Scaling up the DHT
Kademlia DHT is a massive distributed KV-store. It isn't reliable but has enormous other benefits. Can we find improvements or alternatives that would allow us to improve it futher.
Finding possible schemes improving or replacing Kademlia DHT for our usecases (IPNS, provider and peer records) which would reduce:
- DHT lookup time
- DHT put time
- Bulk DHT puts
Requirements to consider:
- Large scale network (1Milion+ nodes)
- Massive put orders
Where to learn about it
Nature of the problem
One of the biggest problems facing the DHT involves undialable / unreliable peers. Essentially, nodes spend significantly much time handling dial timeouts than actually announcing content to the DHT. This is due to the fact that IPFS nodes currently treat all peers as equal when attempting to announce content, regardless of how reliable individual peer actually are.
A large number of the nodes in peer-tables are behind NATs
Even if we can predict/know which nodes are behind NATs, other (potentially) malicious nodes could become unresponsive
We would like a solution that prioritizes:
3.1 fast peer lookup
3.2 fast cid lookup
3.3 fast/low latency IPNS
(due to dependencies)
Filecoin / Other incentive structure / crypto-economic mechanism has uncertain ETA and could be a lot of work
Most nodes are likely to upgrade but we must ensure backwards compatibility
Priority peer stack
Nodes will assign a peer "score" to each node in its peer table (a.k.a Peer or peers).
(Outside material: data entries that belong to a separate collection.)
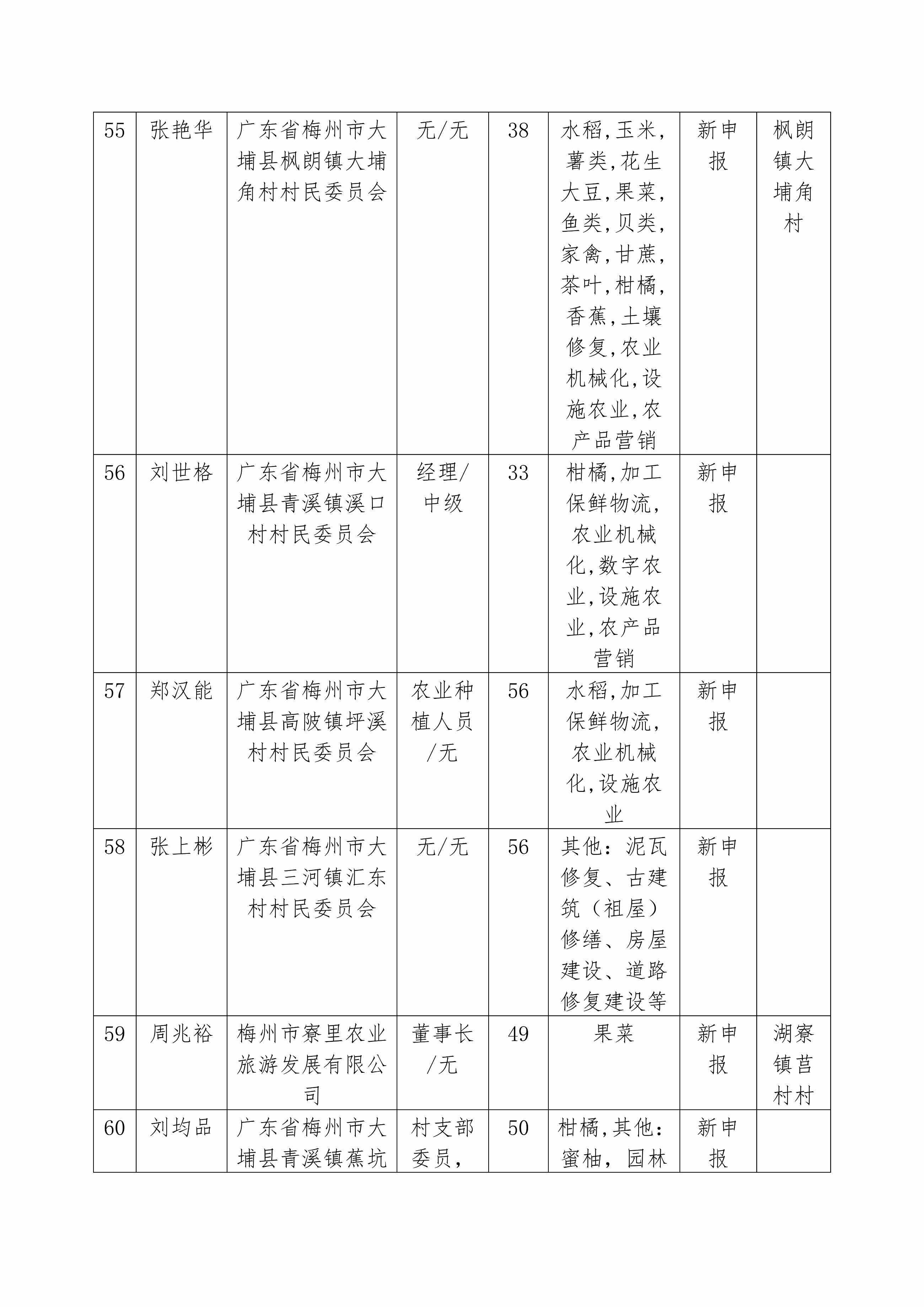 附件：2024年广东省农村乡土专家推荐汇总表_07.png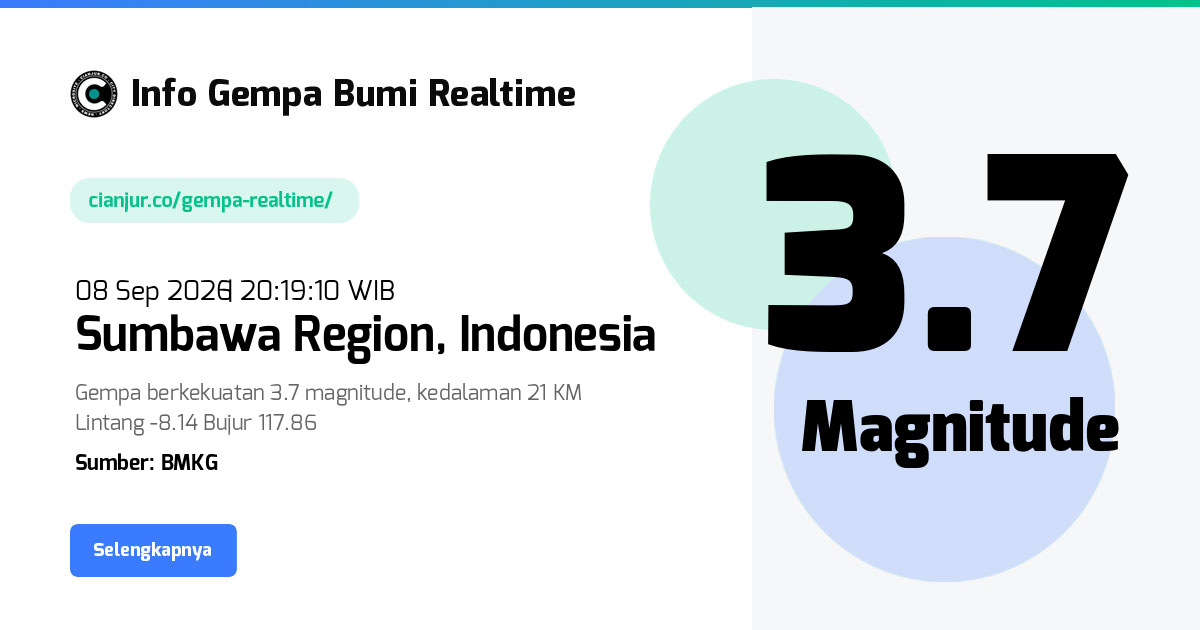 Gempa Bumi Realtime Sumbawa Region Indonesia - 08 Sep 2026 20:19:10 WIB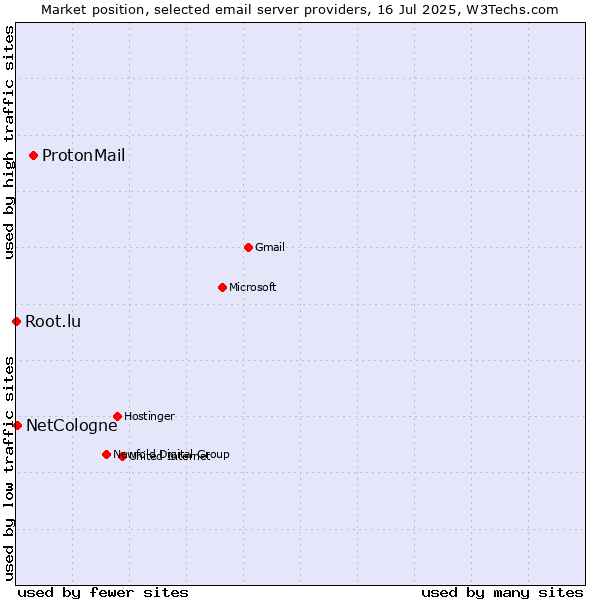 Market position of ProtonMail vs. NetCologne vs. Root.lu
The value/score will be derived from the "positive" and "negative" interactions the node has experienced with that peer over time. If a node is easily reachable and behaves as expected when requests are sent to it (responds to pings), its value will rise over time. Pattern of negative interactions such as persistent dial failures will cause the node's value to be downgraded. Each node aims to maintain a list at at least N peers with a "good" score. When providing the peer ID to a requester; use the top of the priority stack (still getting closer in XOR distance to target PID or CID but could b more reliable).
Details and properties of proposed solution:
- instead of a list, use a "priority stack" based on this score
- the scores of peers in the peer table is not broadcasted, each node in the network determines and updates the score locally
- no historical records needs to be kept (i.e. use an running mean)
- when a peer's score becomes unacceptable, a new node slightly further in XOR distance is added and given a neutral score. The none performing peer is NOT dropped from the peer table (until garbage collection needs to occurs)
- to balance network resilience/robustness and speed, choose an appropriate exploit vs explore ratio [i.e. 80/20 => 80% of the time use the top of the stack (more reliable / likely to be more performant), 20% of the time randomly choose a peer in the table that is close in XOR distance to target ID (which may not respond and time out the request)] (this could be dynamically determined via a formula / model, this is so that nodes have an opportunity to change their score)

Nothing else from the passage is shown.